Another month, another Haiku activity report – this time for September. It’s another big one, but if I had to pick one thing to highlight, it’d be this one:
Some initial work for ARM64 was completed by kallisti5. This includes setting up the Haikuports package declarations, writing the early boot files, and in general getting the buildsystem going. Jaroslaw Pelczar also contributed several further patches (some of these still undergoing review), providing the initial interrupt handling support, and various stubs to let things compile
kallisti5 did some work on 32bit ARM as well, cleaning up some of the code to better match other platforms and preparing the reuse of EFI for ARM and ARM64 (as u-boot now implements an EFI interface, which would make things much simpler for our ARM boot process if we manage to use it).

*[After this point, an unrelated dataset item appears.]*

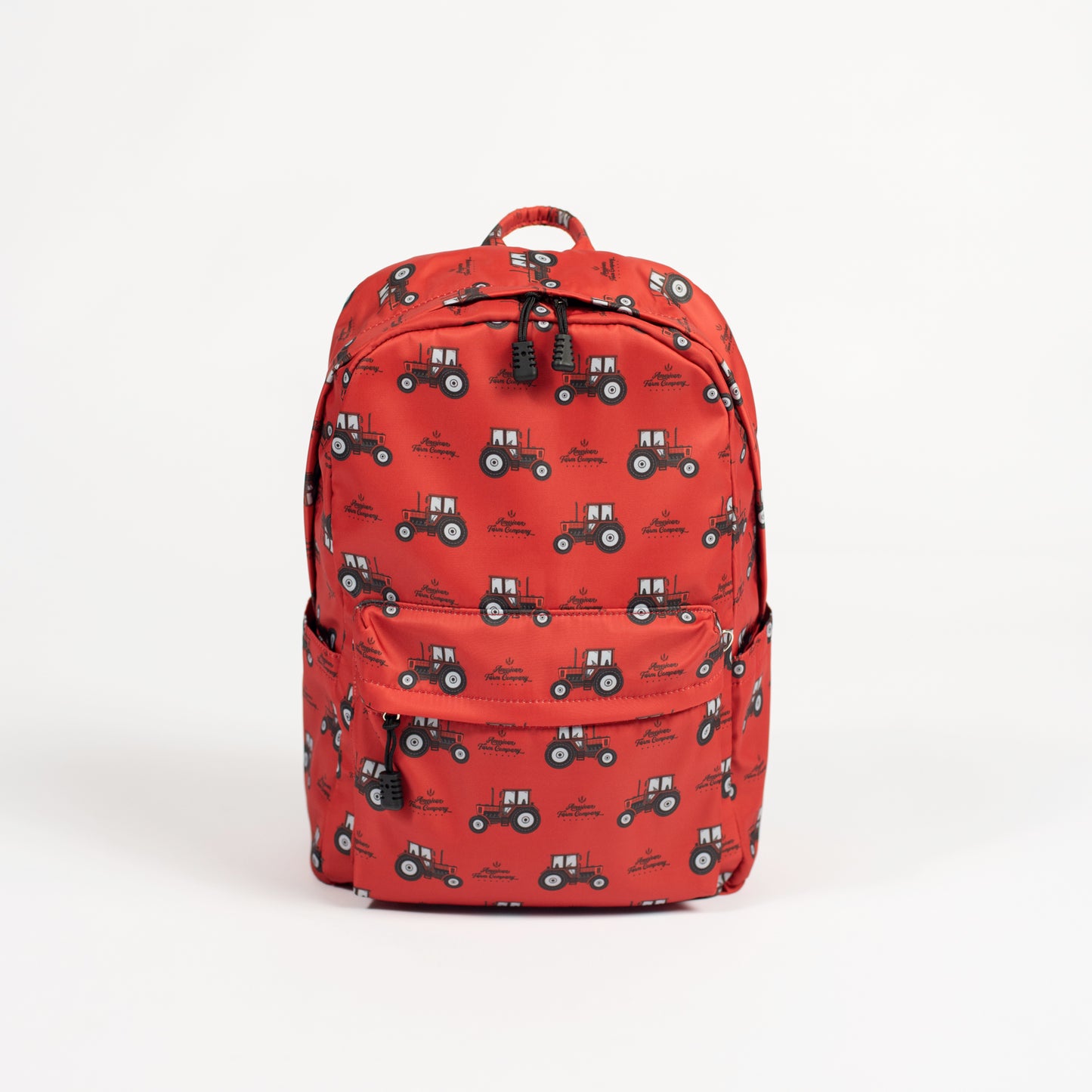 AFC Red Tractor Backpack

Haiku has been working on ARM support for a while now, and while it may seem like a weird niche distraction for such a small project, it actually makes good, future-proofing sense to spend work hours in this area. ARM is definitely growing in the laptop space, and it makes sense to prepare Haiku for a future wherein ARM laptops are readily available.
On top of that, adding support for architectures other than your main one aides in finding difficult to spot bugs, ensures architecture-independent code, and in general is just a fun thing to do for a specific kind of person.
Getting Haiku ready for modern SBC’s sounds like a viable option.
It’s been an ongoing low level effort for over 10 years…don’t expect fully working ARM port to just appear anytime soon. So no not really viable until something starts actually working on another platform.
ARM has the disadvantage also of a complete lack of standardization.
“ARM has the disadvantage also of a complete lack of standardization.”
And it is under heavy fire from RiscV and MIPS (since they went royalty-free).
Good thing Haiku has a RISC-V port and a MIPS port as well. Patches welcome!